AUTOMATIC INVISIBLE BUYING
In last-gen platforms you had to define items you wanted on auto-reorder, define specific rules for each, and manually maintain this list, and associated rules, on an ongoing basis. But, at the end of the day, for example, MRO is MRO is MRO and commodity stock is commodity stock is commodity stock and there’s no reason that you shouldn’t be able to turn over the entire category to the platform. After all, if you’re ordering the item regularly, as we described in Yesterday’s Smart Automatic Reordering, you have enough data to compute demand trends, price trends, delivery times, and EOQs (economic order quantities) and, as long as everything is within a threshold of predictability, the system should just re-order for you — and if something appears to be going off the rails, pause automatic re-order and alert a buyer to examine the situation and either do a manual re-order (which could include accepting the system suggestion), change the rules or thresholds for automatic reorders, or redefine the category / reassign the product or service.
AUTOMATIC OPPORTUNITY IDENTIFICATION
As noted in “AI In Procurement Tomorrow: Part II“, a high-performing organization tackles at most 1/3 of spend strategically on an annual basis, due to lack of manpower and time.
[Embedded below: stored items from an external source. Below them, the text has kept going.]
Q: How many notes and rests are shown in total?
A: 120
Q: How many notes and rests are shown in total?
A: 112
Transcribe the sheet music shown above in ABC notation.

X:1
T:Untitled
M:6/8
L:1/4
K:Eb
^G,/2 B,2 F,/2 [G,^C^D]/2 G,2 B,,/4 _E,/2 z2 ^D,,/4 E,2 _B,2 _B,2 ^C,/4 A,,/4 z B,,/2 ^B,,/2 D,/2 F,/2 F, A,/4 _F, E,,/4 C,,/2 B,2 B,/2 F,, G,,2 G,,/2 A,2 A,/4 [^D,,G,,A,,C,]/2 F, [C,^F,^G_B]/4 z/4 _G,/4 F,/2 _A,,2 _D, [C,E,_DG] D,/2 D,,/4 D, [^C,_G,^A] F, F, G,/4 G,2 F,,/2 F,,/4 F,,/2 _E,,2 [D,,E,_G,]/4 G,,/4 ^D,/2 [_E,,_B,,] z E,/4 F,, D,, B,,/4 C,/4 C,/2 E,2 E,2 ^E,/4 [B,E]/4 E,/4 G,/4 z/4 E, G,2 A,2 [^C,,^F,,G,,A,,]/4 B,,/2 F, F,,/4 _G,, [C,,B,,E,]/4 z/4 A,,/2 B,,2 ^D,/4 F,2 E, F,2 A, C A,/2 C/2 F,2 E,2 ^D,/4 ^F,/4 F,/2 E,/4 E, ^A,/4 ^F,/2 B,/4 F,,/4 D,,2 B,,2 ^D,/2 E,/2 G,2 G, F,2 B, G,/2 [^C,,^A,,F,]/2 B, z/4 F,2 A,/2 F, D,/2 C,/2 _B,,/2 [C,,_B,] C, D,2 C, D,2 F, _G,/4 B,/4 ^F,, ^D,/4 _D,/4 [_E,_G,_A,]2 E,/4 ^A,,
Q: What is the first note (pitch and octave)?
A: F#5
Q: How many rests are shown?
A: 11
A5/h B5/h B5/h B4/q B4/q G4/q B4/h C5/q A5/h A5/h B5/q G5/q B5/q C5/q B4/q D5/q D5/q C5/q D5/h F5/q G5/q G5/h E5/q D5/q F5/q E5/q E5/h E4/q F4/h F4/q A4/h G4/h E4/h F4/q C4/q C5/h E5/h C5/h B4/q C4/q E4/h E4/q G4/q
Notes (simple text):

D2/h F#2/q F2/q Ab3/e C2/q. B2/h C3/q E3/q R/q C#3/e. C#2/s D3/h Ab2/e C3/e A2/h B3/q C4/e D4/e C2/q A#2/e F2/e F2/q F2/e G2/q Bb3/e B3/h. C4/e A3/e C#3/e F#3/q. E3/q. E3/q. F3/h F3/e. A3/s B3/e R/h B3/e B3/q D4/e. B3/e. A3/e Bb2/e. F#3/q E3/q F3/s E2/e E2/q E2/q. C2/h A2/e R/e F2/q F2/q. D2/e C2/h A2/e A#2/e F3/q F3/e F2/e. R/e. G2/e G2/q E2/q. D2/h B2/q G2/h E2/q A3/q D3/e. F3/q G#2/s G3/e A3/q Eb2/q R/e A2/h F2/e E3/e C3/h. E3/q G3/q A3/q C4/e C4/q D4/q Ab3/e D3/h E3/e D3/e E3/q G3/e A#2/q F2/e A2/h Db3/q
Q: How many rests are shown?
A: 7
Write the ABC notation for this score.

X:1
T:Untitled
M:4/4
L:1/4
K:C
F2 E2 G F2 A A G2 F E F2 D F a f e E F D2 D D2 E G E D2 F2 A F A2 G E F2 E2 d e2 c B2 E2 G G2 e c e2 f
The fact of the matter is that, unless you have a true best-of-breed spend analysis system and the experience to use it efficiently and effectively (as well as sufficiently cleansed and complete data to work on), it’s a significant effort just to do the spend analysis required to identify and fully qualify the market opportunity and shape it into an appropriate market event.
But there’s no reason that the platform couldn’t encode all of the standard analytic workflows used by best-practice consultants, identify the top product/services/categories with the most spend not under contract/management, look at the spend variability, look at current market prices and trends, look at average historical community savings data (from community, consultancy, and GPO intelligence), and evaluate and rank opportunities. And the best platforms do. (Are the rankings 100%? No — no platform has complete market data or complete knowledge of every variance to a market situation, but 90% is more than enough as that will free the buyers up to keep up with market dynamics and do real exploratory analysis that is not easily automated.)
SUMMARY
Now, we realize some of these descriptions, like yesterday’s, are also quite brief, but again, that’s because this is not entirely new tech, as the beginnings have been around for a few years, have been in developments and discussed as “the future of” Procurement tech before Gen-AI hit the scene, and all of these capabilities are pretty straight-forward to understand (especially with many of the fake-take and Gen-AI providers marketing these claims, even though they are not entirely realizable within their platforms). And, if you want to dive deeper, the baseline requirements for most of these capabilities were described in depth in the doctor‘s November 2018 articles on Spend Matters. The primary purpose of this article, as with the last, was to explain how more sophisticated versions of traditional ML methodologies could be implemented in unison with human intelligence to create smarter Procurement applications that buyers could rely on with confidence.